Last Saturday, March 5, I took an inventory of my hops and also sketched out a simple beer. I had a lot of old hops, including a pound of Columbus from 2013 and nearly a pound of Chinook, from the same year. The Chinook had been opened, and didn't smell all that fresh and hoppy anymore, so I figured I would use them for bittering. I also had citra and galaxy on hand, among other things. Those are still fresh, and I figured they'd make up for or mask any shortfall from the older Columbus hops. I couldn't summon the energy to brew that day though.



So another Saturday rolled around -- this past one -- and I had a full day ahead of me. I'd been getting the brewing itch again, and have gotten kind of bored with the beers I have on tap; plus, the kegs are getting pretty close to empty. Therefore, it seemed a good time to make some beer.

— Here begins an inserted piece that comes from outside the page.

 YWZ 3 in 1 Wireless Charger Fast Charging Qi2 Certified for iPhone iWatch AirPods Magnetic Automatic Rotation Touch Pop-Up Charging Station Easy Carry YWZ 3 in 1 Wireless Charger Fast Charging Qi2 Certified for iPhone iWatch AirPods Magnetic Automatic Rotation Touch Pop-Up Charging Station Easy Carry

I looked over my hops again, and in addition to the ones mentioned above, I also threw in centennial, vic secret, and the remainder of the experimental grapefruit hops. 10 ounces of hops total.

This was a smooth brew day, with no hiccups at all. I was finished in 5.5 hours, and that included a lengthened mash due to working out and getting food.

I used US-05 slurry that I reserved from the experimental grapefruit IPA back in December. I took out the container at the beginning of the day, and placed it in warm water midway through. As the yeast warmed, bubbles were rising to the top of the jar, and slurry was seeping out the top. I considered this a good sign, as it indicated to me that this yeast is still viable.

OG was around 1.068-70. Right around 5.25 gallons. I pitched about 24 ounces of US-05 slurry. At around 72 degrees. Mashed at what I thought was 154, but at the end of the extended mash, the temp was actually 156. I'm looking for a malty IPA this time, so that's fine.

I pitched the yeast around 5 pm, and there was no activity as of 5 pm Sunday, nor at 10:30 that night. There were several visible clusters of bubbles visible as of 8 AM Monday, though, and much more around 1 pm. That's a relief, as I've had problems using old slurry in the past. But I'm hopeful and encouraged that this will be a successful, delicious beer.

As of Friday, March 18, the beer is nearly finished fermenting. There's still a layer of gooey bubbles on top, but the krausen has mostly sunk. I'd say this will be ready to keg in just a few more days.